A shortage of bricklayers and scaffolders is holding back Britain’s construction. Here Pippa Jacob, who had a go at bricklaying at the Suffolk Skills Show last week, takes a closer look at the problem.
If my attempt at bricklaying proved anything to me it was that things are never as easy as they look. This is a highly-skilled trade, requiring dexterity, speed and precision. And this, I realised, is why the need to recruit in this area is not just about availability. It is about talent too.
What’s the situation?
Ask anyone trying to get on the housing ladder and they’ll tell you Britain is in a housing crisis – for many, home ownership has become an unaffordable dream. But as well as problems of price, there is a major issue with supply and demand. The truth is not enough houses are currently being built.
This is the result of an extreme skills shortage. The building industry has been aware of the problem since the end of the financial crisis – which caused 300,000 people to leave the industry. Kick-started back to growth by the Government’s Help to Buy programme, the sector found it no longer had enough people to do the work – and it’s been struggling ever since.

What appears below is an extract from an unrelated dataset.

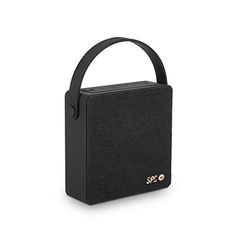 SPC Big One Speaker negro con acabado en tela y 8 watios de potencia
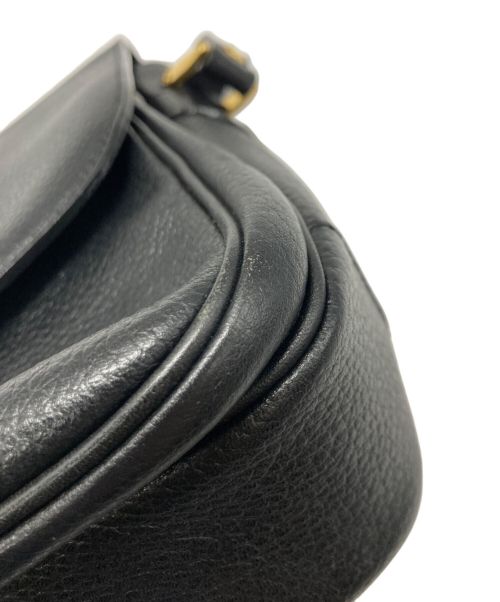 Burberry's（バーバリーズ）Burberry's (バーバリーズ) 裏地ノヴァチェックショルダーバッグ　バーバリーズ ブラックの古着・服飾アイテム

Despite a recruitment drive, bricklayers in particular, remain in high demand.
Beware of the robots
In America they are trying to solve this problem with robotics. SAM100 builds walls six times faster than a human bricklayer and can lay 3,000 bricks per day using its combination of a conveyor belt, robotic arm, and concrete pump. By comparison, a human builder will average around 500 bricks per day.
My thoughts are that its great the construction industry is adopting new technology as long as it isn’t at the risk of losing skilled craftsmen. And SAM’s inventors Construction Robotics claim it is not trying to put human laborers out of business.
“We don’t see construction sites being fully automated for decades, if not centuries,” a spokesman said. “This is about collaboration between human workers and machines. What SAM does is to pick up the bricks, put mortar on them, and puts it on the wall. It still requires a mason to work alongside it. SAM’s just there to do the heavy lifting.”
Filling the gap
If you don’t have a spare $500,000 to spend, it’s back to the drawing board with recruitment to fill our skills gap here in the UK.
Building a wall in your back garden might seem easy, but doing it to a standard required in the industry and at speed takes time to learn. Trust me, my very brief attempt at the Suffolk Skills Show proved this.
But while we are short of skilled workers, wages are being pushed up, impacting the profitability of companies, and most importantly, limiting the number of homes that can be built. And things could get even worse should post-Brexit immigration controls limit the number of workers from overseas — a key recruiting ground for the construction sector — coming to the UK.
There is no simple solution to this problem. But we need to continue to bring new blood into the sector and champion the extensive and exciting range of career choices in construction and building design.